- [Exercise] Skip the pictures. Return exactly the lines from the one containing "Columbus Inn And Suites Екстериор снимка" through the end of the entries below.

──────── Source material ────────

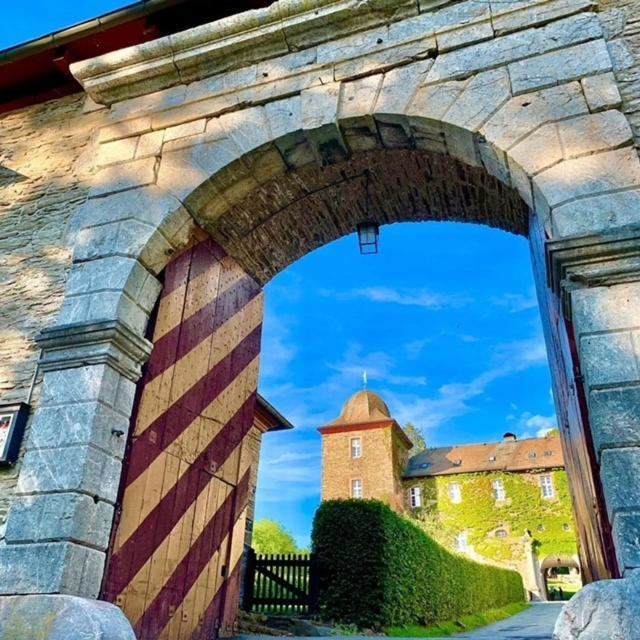 Hotel Und Restaurant Burg Schnellenberg Attendorn Dış mekan fotoğraf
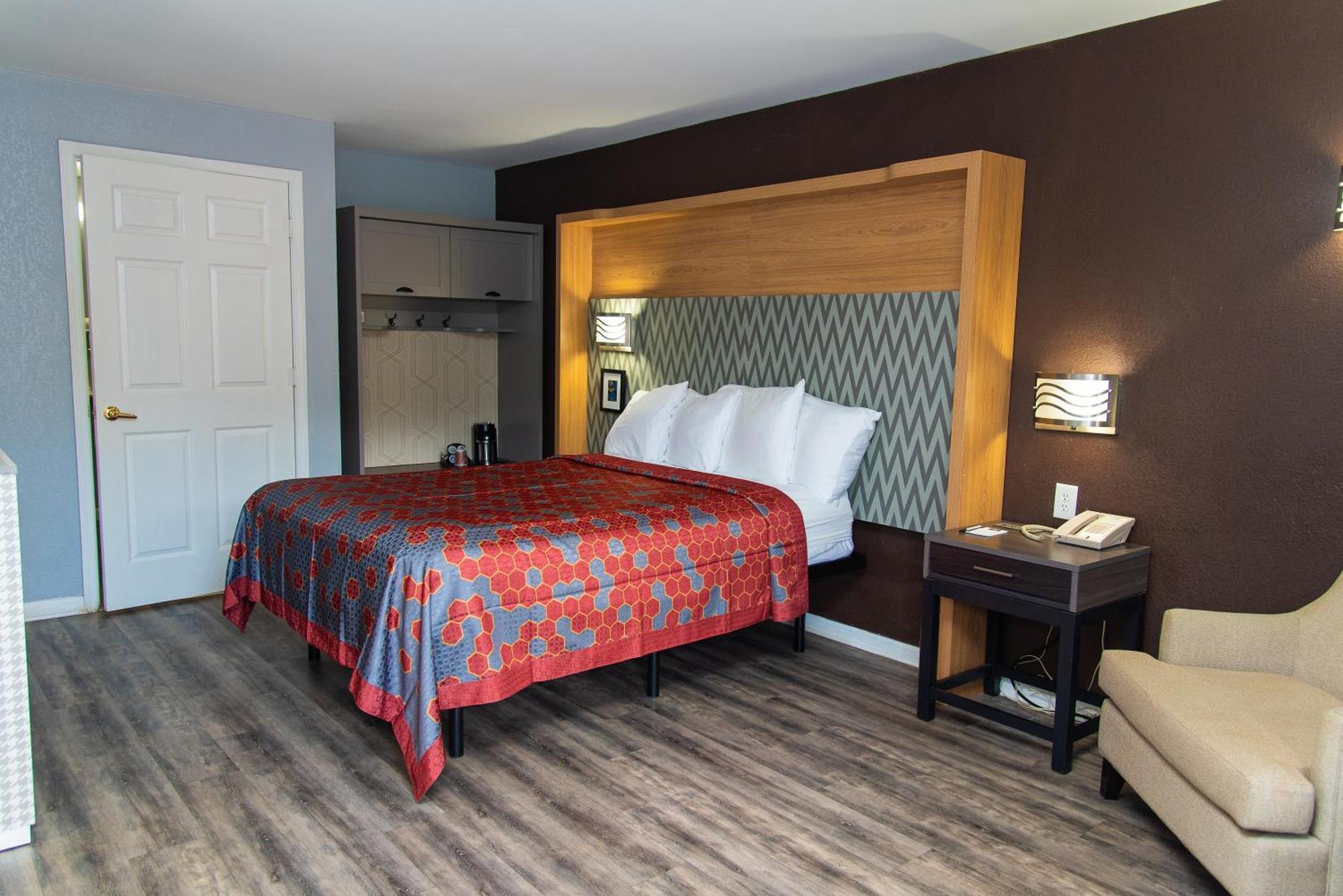 Columbus Inn And Suites Екстериор снимка
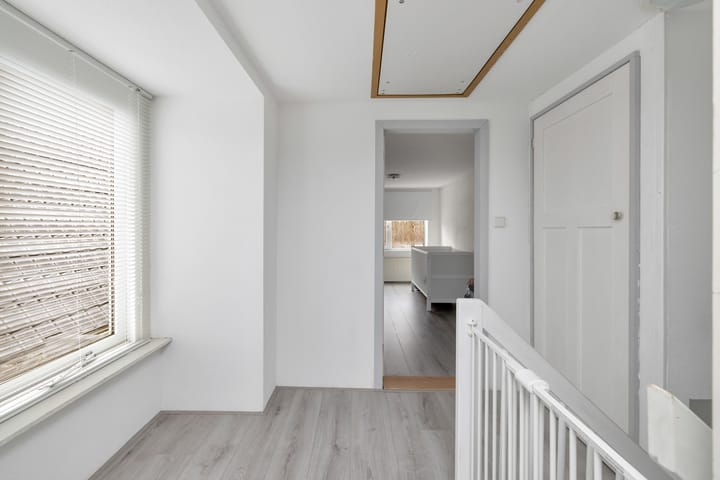 Photo 21 of Langeleegte 154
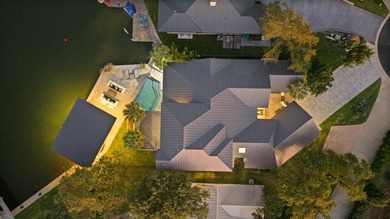 Modern Waterfront Luxury in the Heart of Horseshoe Bay - photo 30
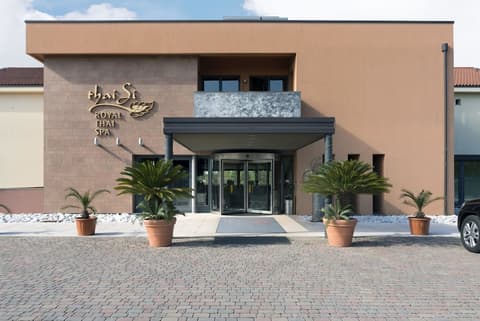 Thai Si, Property entrance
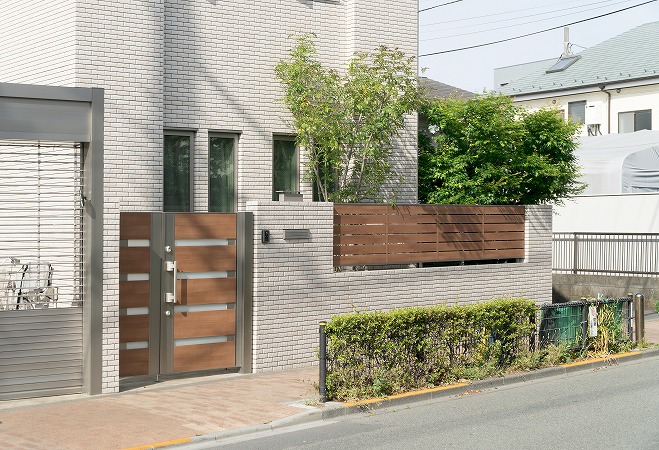 デザインと耐久性を考えよう！家周りを美しく彩る塀の外構工事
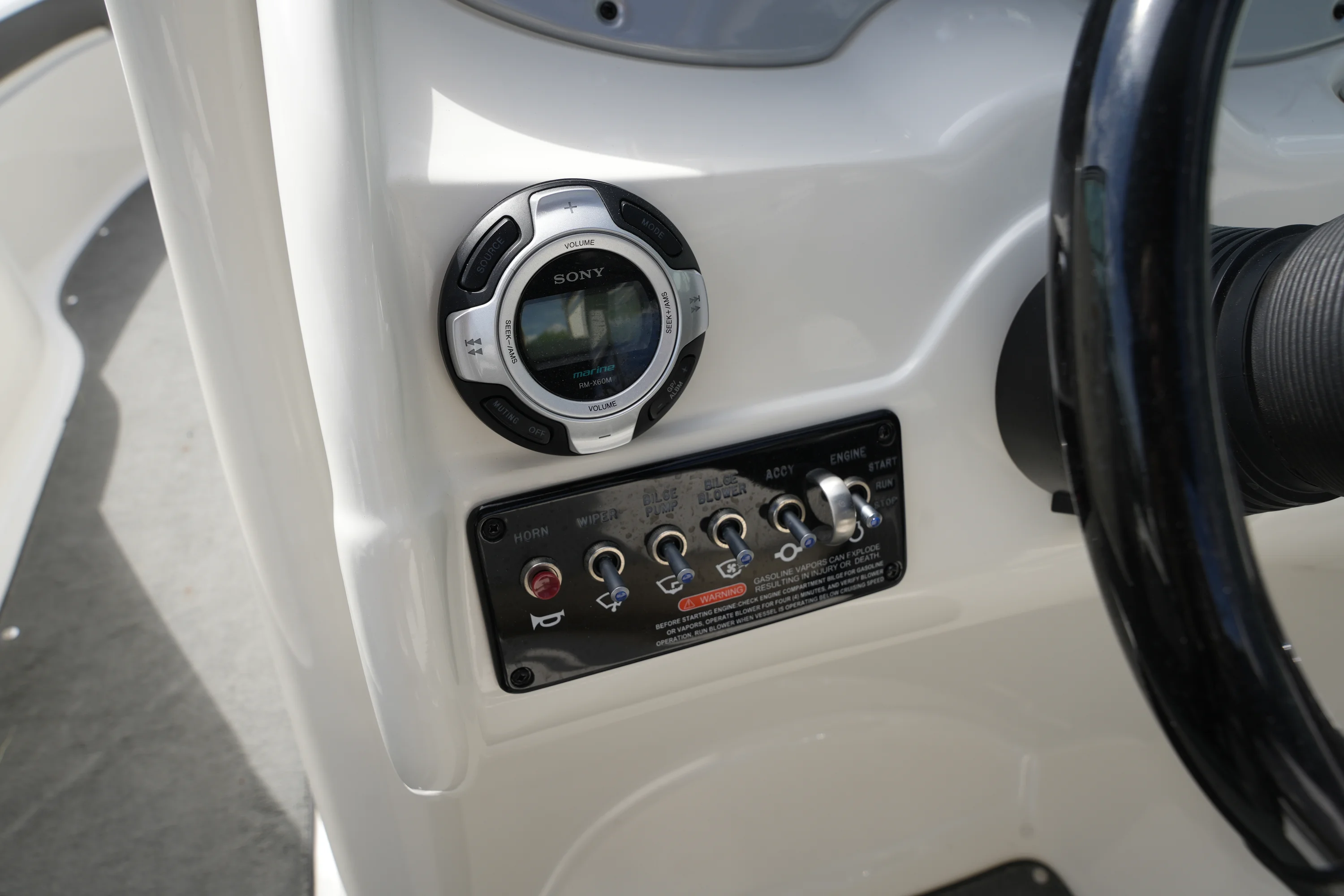 2011 Sea Ray 200 Sundeck Image Thumbnail #21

────────

- [Response box]
 Columbus Inn And Suites Екстериор снимка
 Photo 21 of Langeleegte 154
 Modern Waterfront Luxury in the Heart of Horseshoe Bay - photo 30
 Thai Si, Property entrance
 デザインと耐久性を考えよう！家周りを美しく彩る塀の外構工事
 2011 Sea Ray 200 Sundeck Image Thumbnail #21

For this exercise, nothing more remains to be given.